Information supplied Start Marker

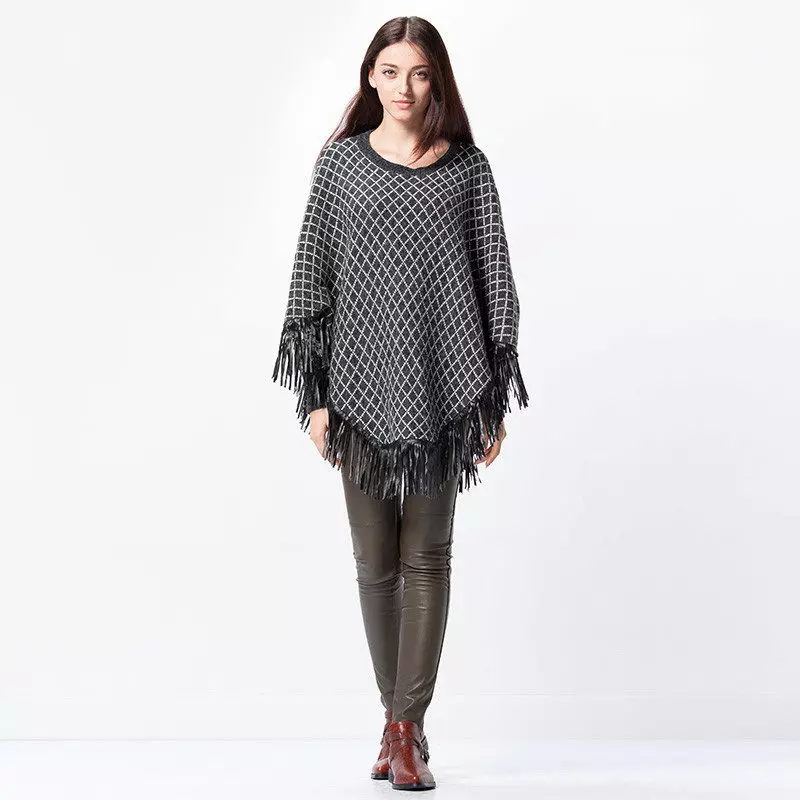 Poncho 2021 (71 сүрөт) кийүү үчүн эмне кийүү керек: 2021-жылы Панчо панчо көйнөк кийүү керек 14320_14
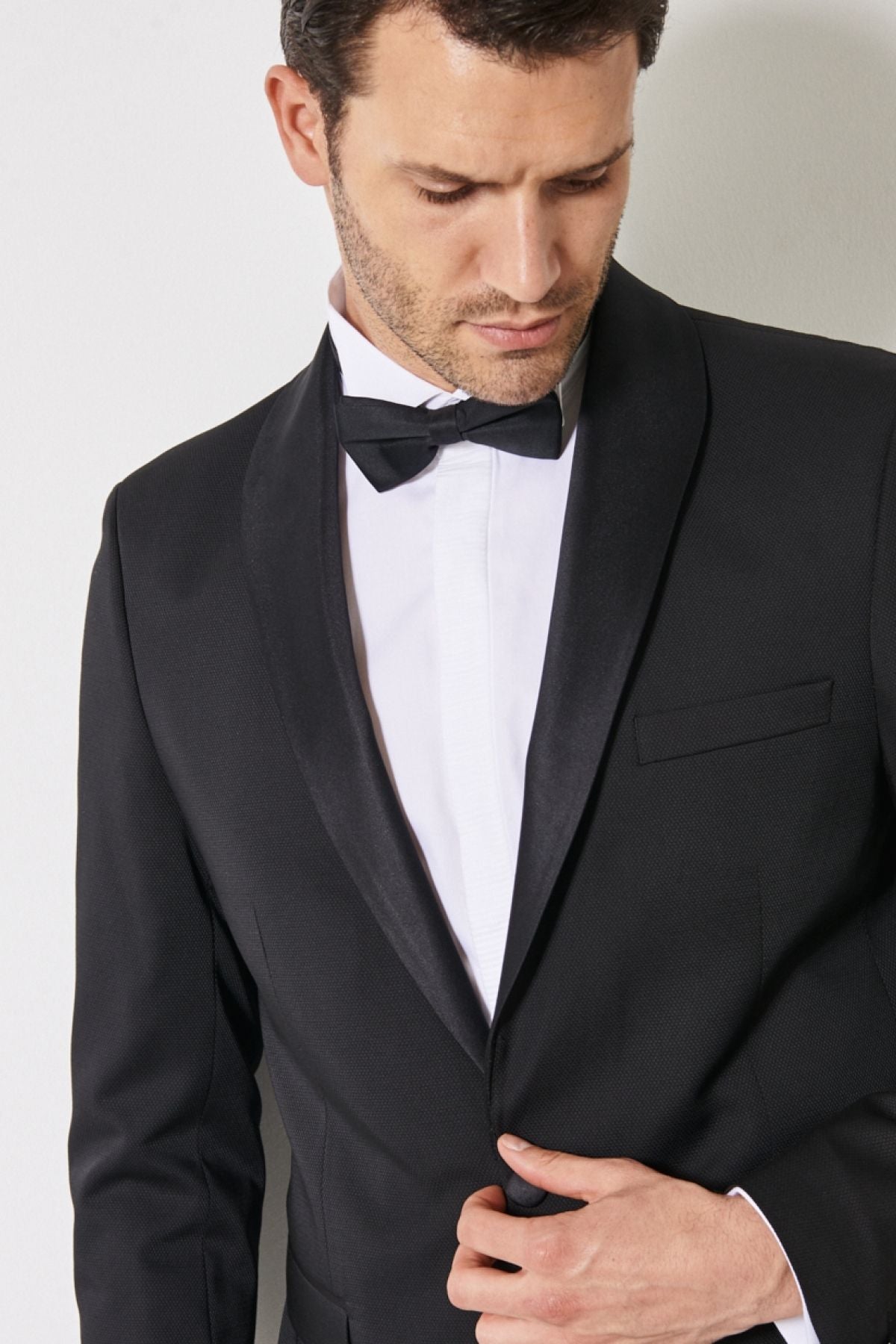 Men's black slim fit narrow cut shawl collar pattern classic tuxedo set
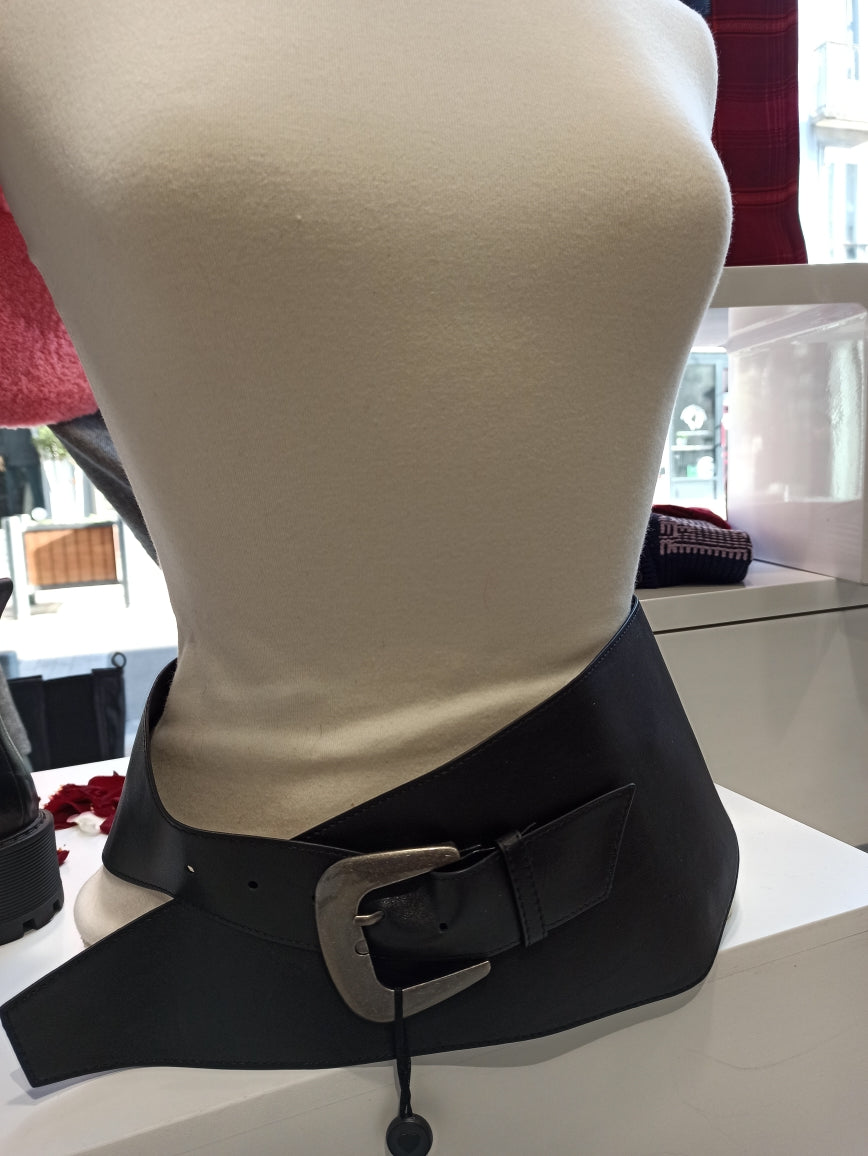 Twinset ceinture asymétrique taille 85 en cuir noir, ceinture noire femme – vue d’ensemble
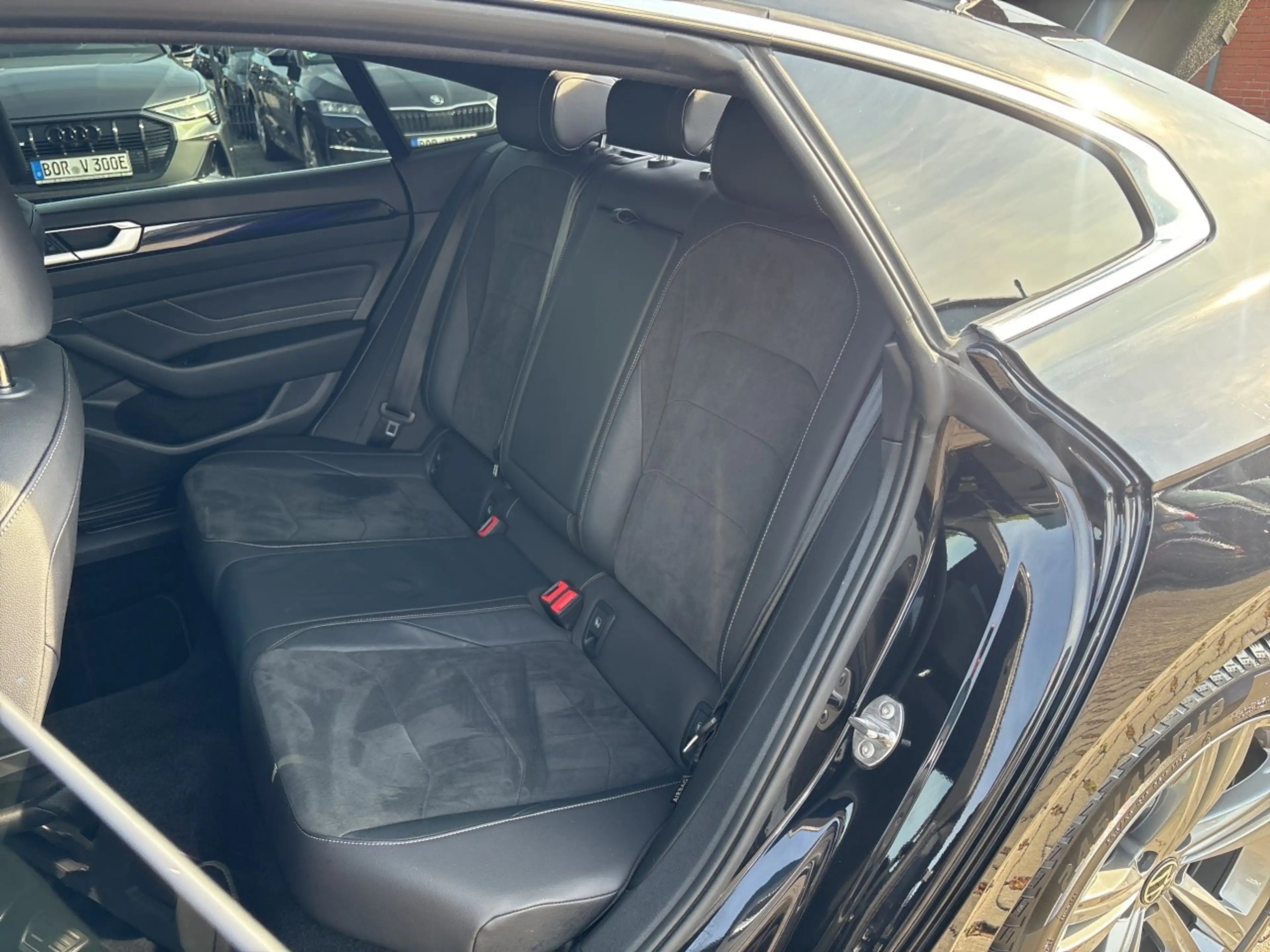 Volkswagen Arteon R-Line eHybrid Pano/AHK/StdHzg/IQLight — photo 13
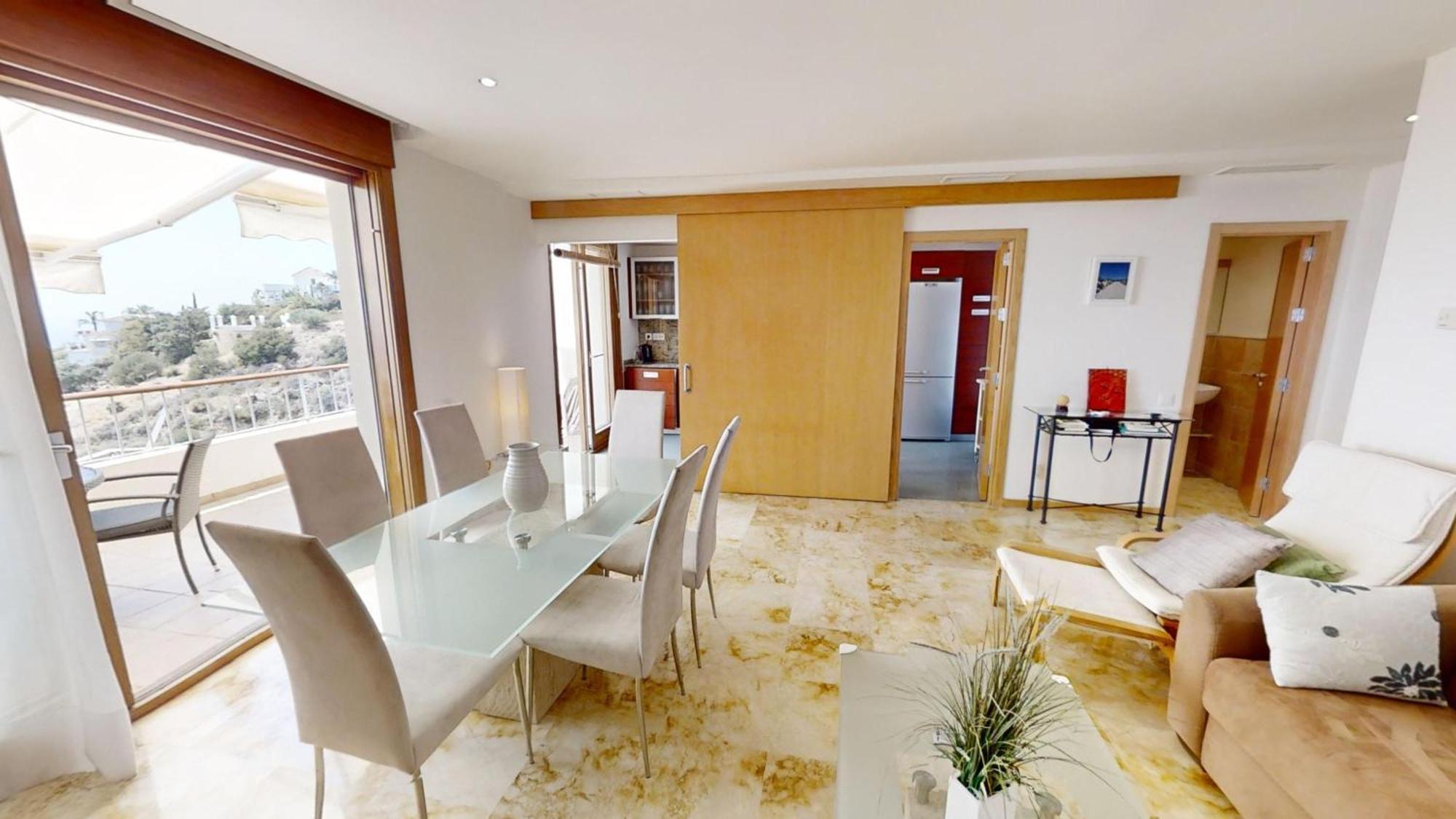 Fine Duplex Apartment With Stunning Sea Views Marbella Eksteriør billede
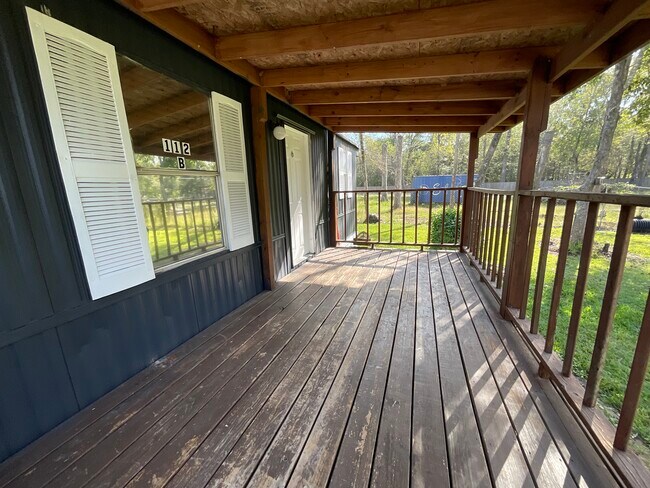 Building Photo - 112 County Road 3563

Information supplied End Marker

Verbatim reproduction of every entry is needed, with the images left out.

 Poncho 2021 (71 сүрөт) кийүү үчүн эмне кийүү керек: 2021-жылы Панчо панчо көйнөк кийүү керек 14320_14
 Men's black slim fit narrow cut shawl collar pattern classic tuxedo set
 Twinset ceinture asymétrique taille 85 en cuir noir, ceinture noire femme – vue d’ensemble
 Volkswagen Arteon R-Line eHybrid Pano/AHK/StdHzg/IQLight — photo 13
 Fine Duplex Apartment With Stunning Sea Views Marbella Eksteriør billede
 Building Photo - 112 County Road 3563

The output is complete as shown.